Project Manager

Overview

On Site
USD 0-55
Full Time
Part Time
Accepts corp to corp applications
Contract - W2
Contract - Independent

Skills

Project Management Skills

Job Details

Job Title: Project Manager Sustaining Engineering & Fixture Development

Location: Onsite Madison, WI

Job Type: Full-Time / Contract

Industry: Medical Devices / Engineering / Manufacturing





Job Summary:



We are seeking a skilled and detail-oriented Project Manager with a background in engineering to lead and manage multiple sustaining engineering and fixture development projects within a regulated medical device environment. This role will be based onsite in Madison, WI and will involve collaboration across multiple departments including Product Development, Quality, Regulatory, and Manufacturing.





Key Responsibilities:



Project Management:

  • Lead and execute sustaining engineering and fixture development projects, including both hardware and software components, from initiation to completion.
  • Develop and maintain project plans, budgets, timelines, and resource allocations.
  • Facilitate project meetings, track milestones, manage risks/issues, and report progress to stakeholders.
  • Lead risk assessments and create mitigation strategies to minimize project delays and cost overruns.
  • Ensure all project deliverables meet regulatory, quality, and business requirements.
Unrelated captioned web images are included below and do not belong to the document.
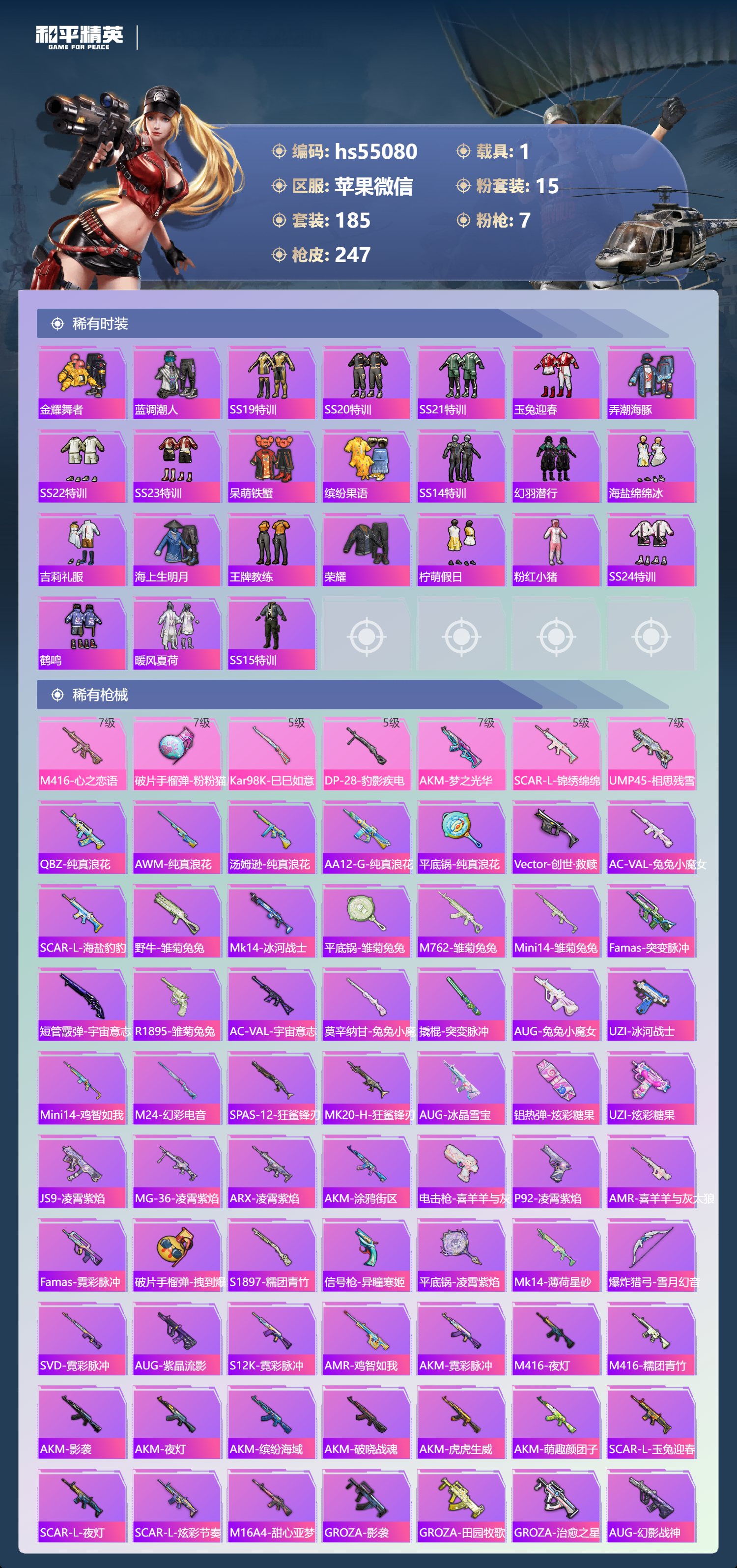 HPSJ3450330和平精英账号详情图8 HPSJ3450330和平精英账号详情图8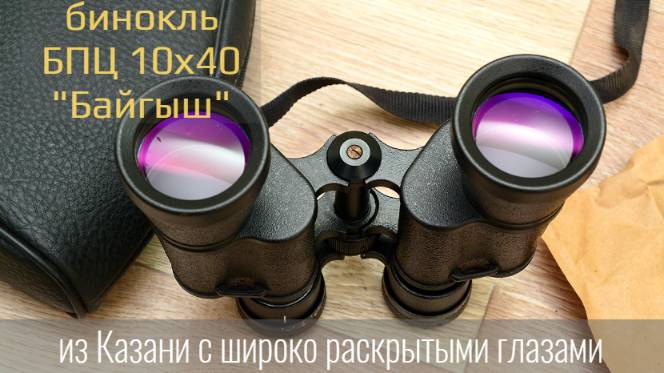 бинокль БПЦ 10х40 Байгыш из Казани с широко раскрытыми глазами смотреть онлайн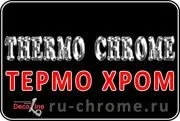 Thermo Chrome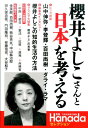 櫻井よしこさんと日本を考える 月刊Hanadaセレクション 花田紀凱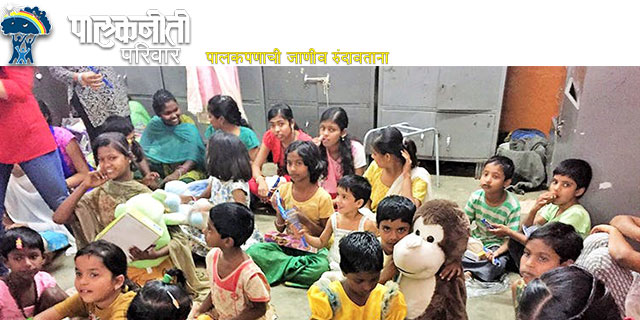 Palakneeti Parivaar Donation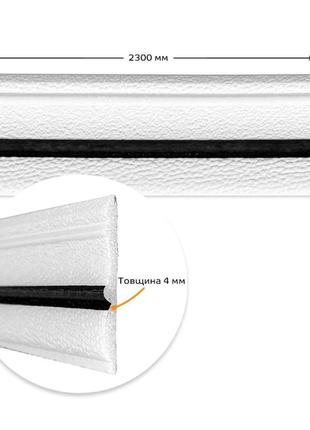 Плинтус рр самоклеющийся белый с чёрной полоской 2300*70*4мм (d) sw-000018303 фото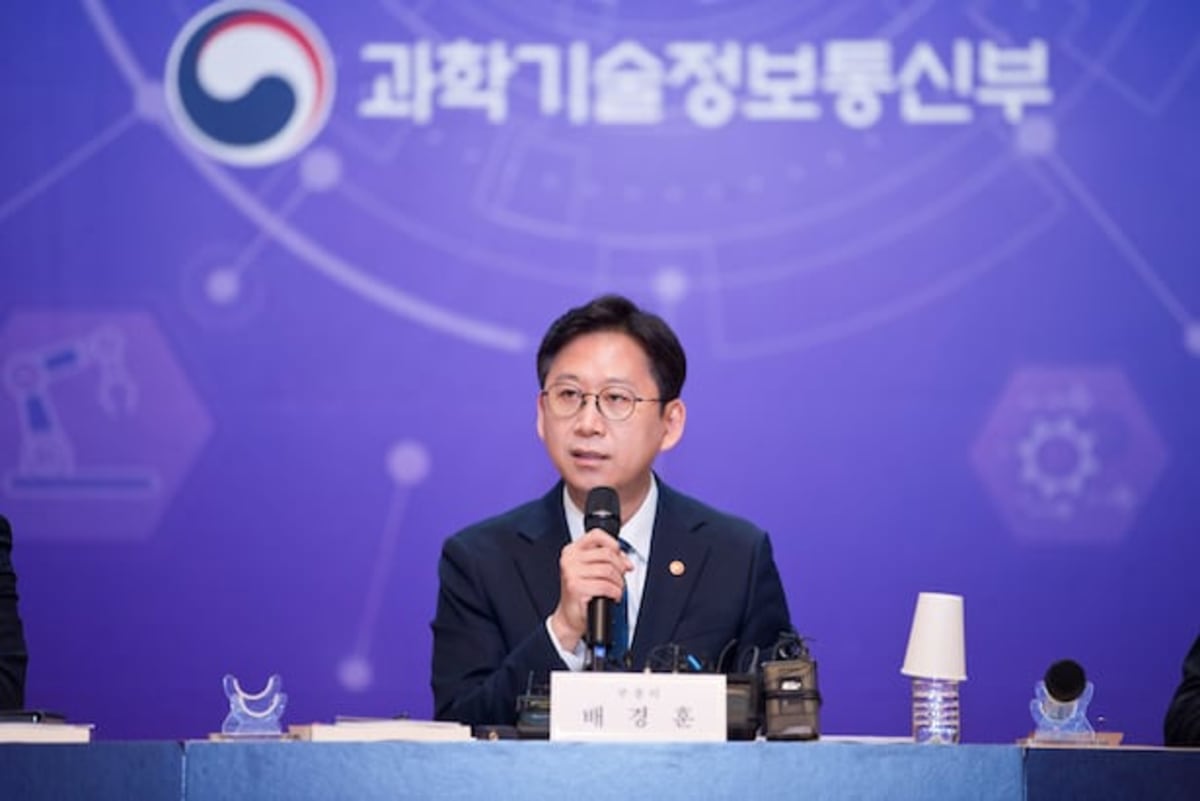South Korea Unveils Bold 2045 Science Leadership Strategy - Image 2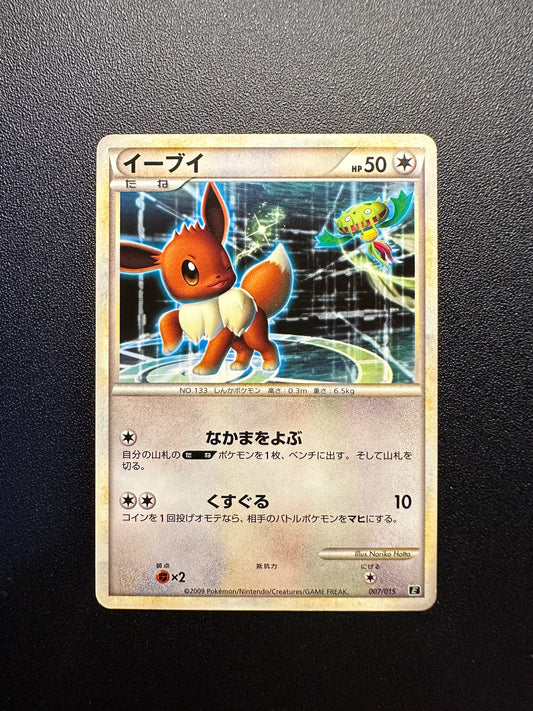 [卡況A+] Eevee 007/015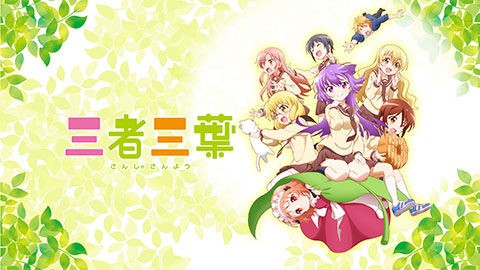 16年春の新作アニメ ｰ 三者三葉 あにこみ速報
Cross-Functional Leadership:

  • Collaborate with cross-functional teams including Product Development, Quality, Regulatory, Supply Chain, and Manufacturing.
  • Interface with external vendors and contract manufacturers as necessary.
  • Act as the primary point of contact for project communications and updates.

Sustaining Engineering:

  • Manage engineering change orders (ECOs), product updates, and part obsolescence strategies.
  • Support root cause investigations and CAPA (Corrective and Preventive Actions).
  • Lead initiatives for cost reduction, design optimization, and improved product reliability.

Fixture Development:

  • Oversee design, validation, and implementation of manufacturing fixtures and tooling.
  • Ensure fixtures comply with ergonomic, safety, and regulatory standards.
  • Support equipment/process validation including IQ/OQ/PQ and associated documentation.

Qualifications:



Education:

  • Bachelor's degree in Engineering, Biomedical Engineering, Mechanical Engineering, Computer Science, or related technical field.

Experience:

  • Minimum 3 years of project management experience in the medical device industry.
  • Experience with sustaining engineering and manufacturing environments preferred.

Skills & Competencies:

  • Strong knowledge of FDA 21 CFR Part 820, design controls, ISO 13485, and GMP regulations.
  • Proficiency in project management tools such as Microsoft Project, Smartsheet, or Jira.
  • Excellent written and verbal communication, leadership, and interpersonal skills.
  • PMP certification or equivalent is a plus.
  • Familiarity with CAD tools and fixture/tooling design is desirable.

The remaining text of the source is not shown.